The Guardian 20/08/2015
Photo: The Guardian
Would you believe me if I told you that while president Rafael Correa was singing “Hasta siempre, comandante” with a band in the main square in central Quito last Thursday night just one block away riot police were tear-gassing and clubbing Ecuadorian citizens? Or that elsewhere in Ecuador the police have been reported to be specifically targeting female protestors’ “intimate parts”?
Ecuador is currently in turmoil. Thousands of people are protesting proposed constitutional amendments, the expansion of the oil frontier, mining projects, changes to water and education policy, labour laws and pensions, a proposed “Free Trade Agreement” (FTA) with the European Union (EU), and increasing repression of freedom of speech, among other things. The government’s response? To send the police and military with batons and tear-gas to beat citizens, make arbitrary arrests, raid homes and even – some people believe – to take advantage of volcanic eruptions by declaring a nationwide “State of Exception”.
The protests have taken different forms. Indigenous people marched for 10 days from the Zamora Chinchipe province in the Amazon to Quito, 1,000s and 1,000s of people gathered in the capital last week, and another march involving approximately 2,000 people was held there on Monday. In addition, a series of demonstrations and road-blocks have sprung up elsewhere in the country.
“I’ve never seen anything like it before,” Patricia Gualinga, a Kichwa leader from the Amazon, told the Guardian, talking about the violence that broke out in Quito’s narrow streets last week. “Total brutality. They were using motor-bikes, horses and tear-gas bombs. You can’t imagine what it’s like if you didn’t see it.”

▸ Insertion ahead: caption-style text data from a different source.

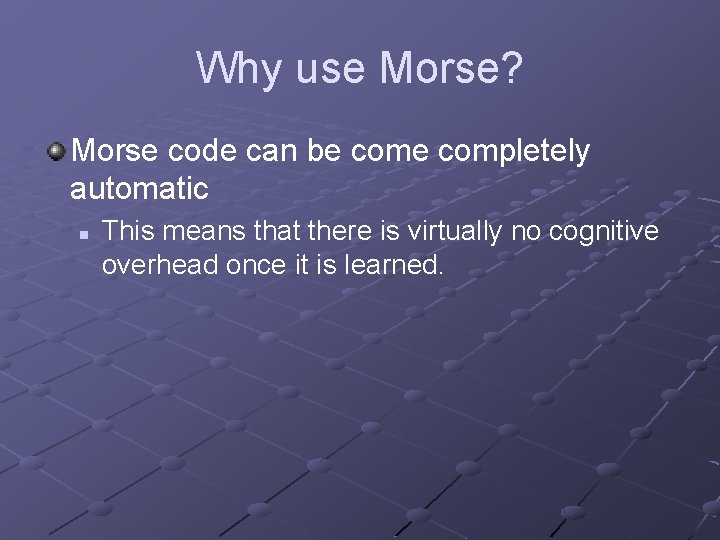Why use Morse? Morse code can be completely automatic n This means that there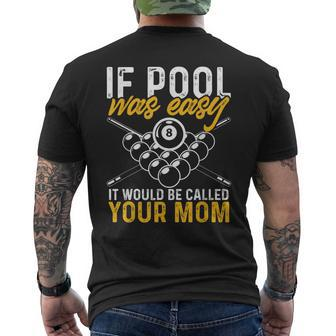 If Pool Was Easy Billiard Player Men's T-shirt Back Print - Seseable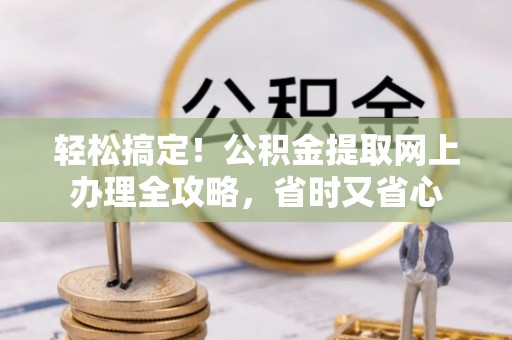德江轻松搞定！公积金提取网上办理全攻略，省时又省心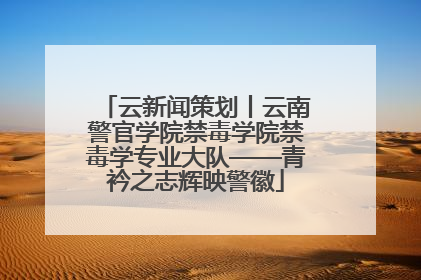 云新闻策划丨云南警官学院禁毒学院禁毒学专业大队——青衿之志辉映警徽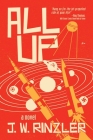 All Up By J. W. Rinzler Cover Image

This week, on Monday 17 August, there was serious violence in Saraguro in Loja province in southern Ecuador, which Luis Maca, a Kichwa Saraguro indigenous man, describes as “practically a battle”. He told the Guardian approximately 1,500 policemen and military descended on his village and were raiding houses and arresting and beating people. According to Maca, this was in response to a peaceful blockade of the Pan-American Highway, which runs north to Quito, which had been in place since 6 am.